**Source records:**
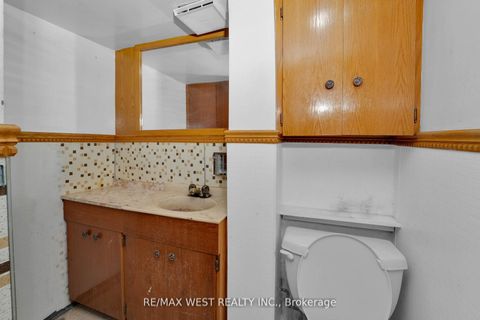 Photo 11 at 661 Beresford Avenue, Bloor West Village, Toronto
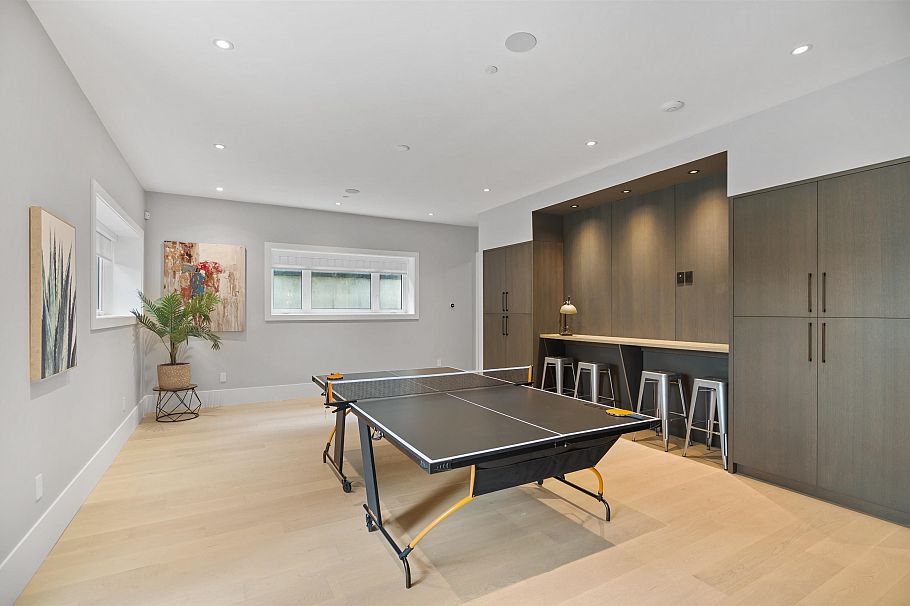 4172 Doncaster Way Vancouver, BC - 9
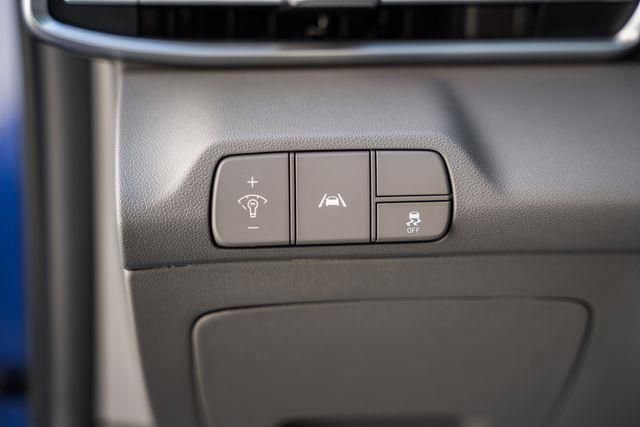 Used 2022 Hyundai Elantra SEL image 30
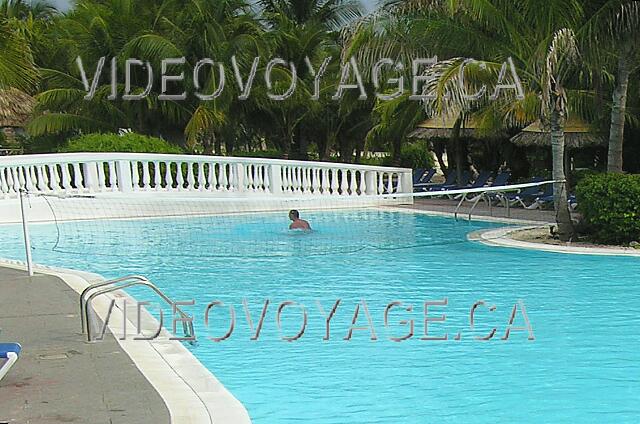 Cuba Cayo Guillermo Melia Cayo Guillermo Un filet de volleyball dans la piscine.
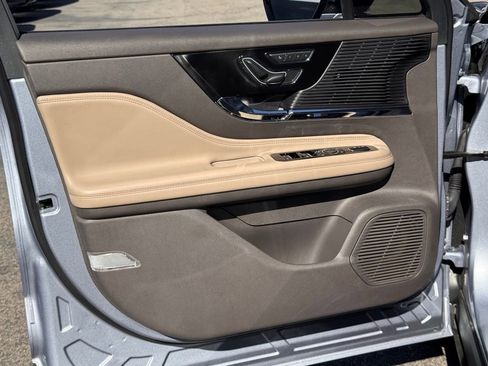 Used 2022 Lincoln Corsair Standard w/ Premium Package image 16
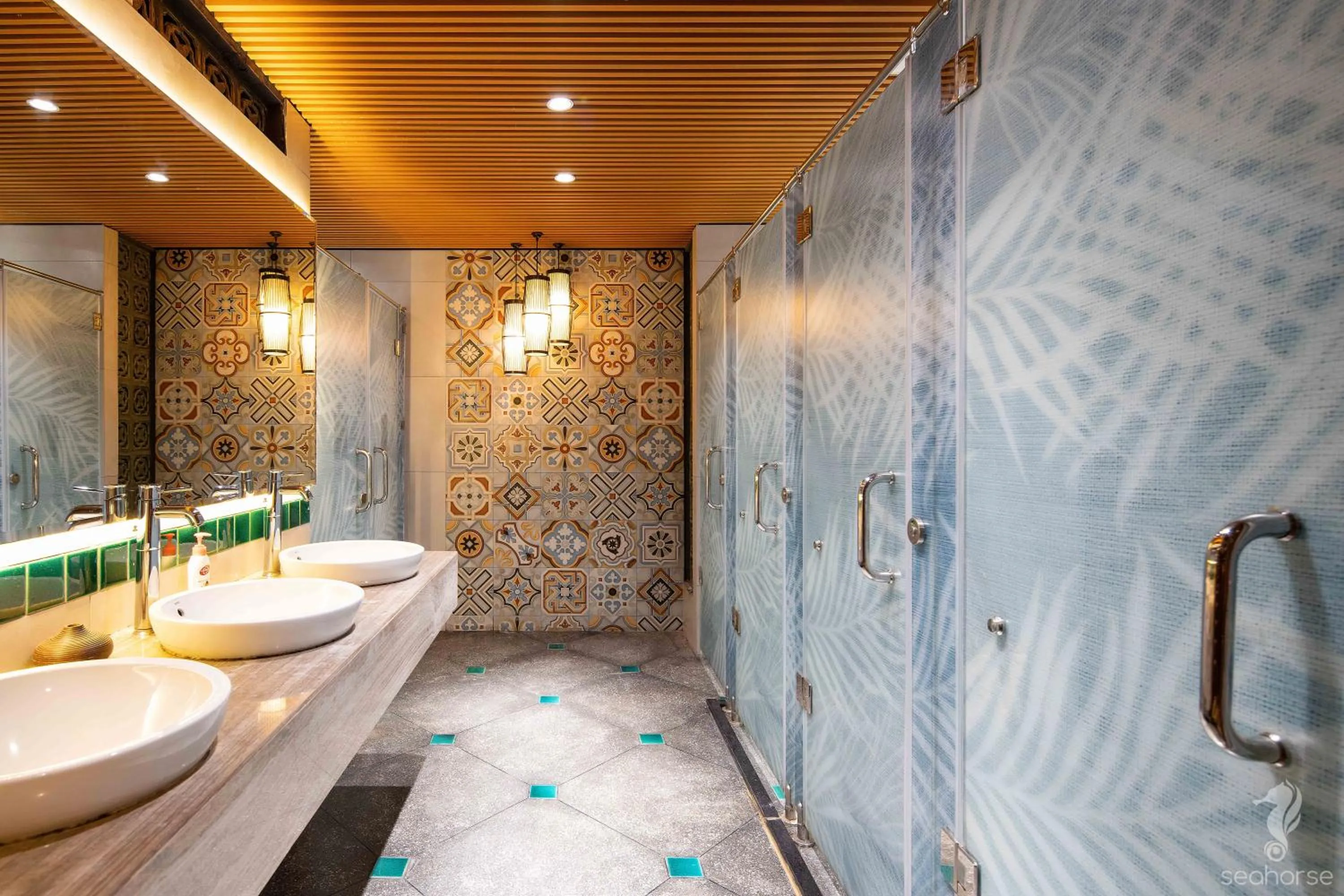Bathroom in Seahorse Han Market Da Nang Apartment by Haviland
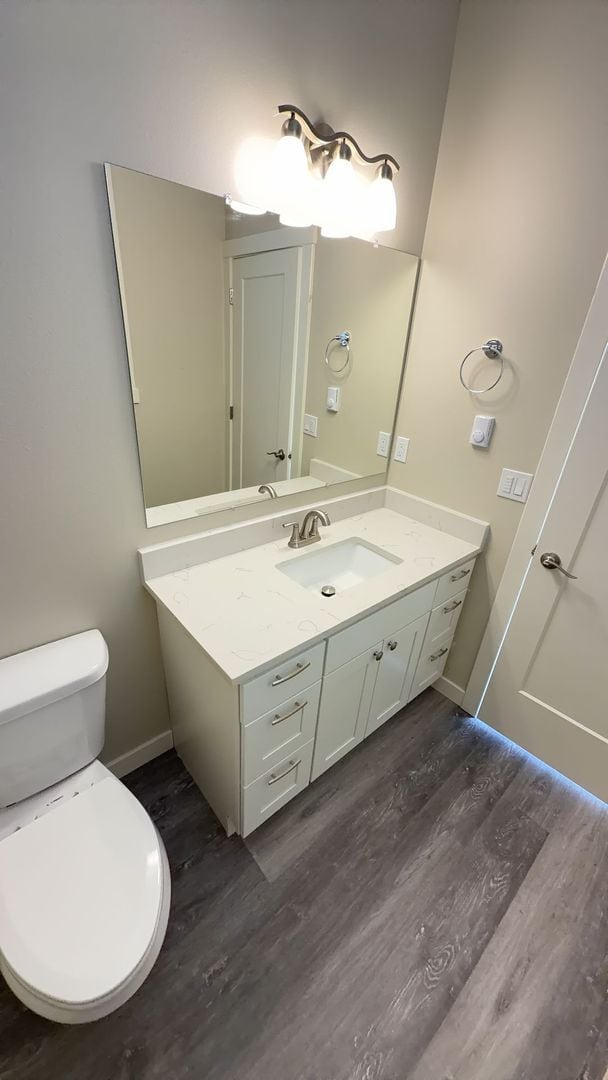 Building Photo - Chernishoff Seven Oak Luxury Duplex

**Prompt:** Set down the line containing "Used 2022 Hyundai Elantra SEL image 30" and every line after it up to the end of the material, exactly as written, but not the pictures.

**Solution to the exercise:**
 Used 2022 Hyundai Elantra SEL image 30
 Cuba Cayo Guillermo Melia Cayo Guillermo Un filet de volleyball dans la piscine.
 Used 2022 Lincoln Corsair Standard w/ Premium Package image 16
Bathroom in Seahorse Han Market Da Nang Apartment by Haviland
 Building Photo - Chernishoff Seven Oak Luxury Duplex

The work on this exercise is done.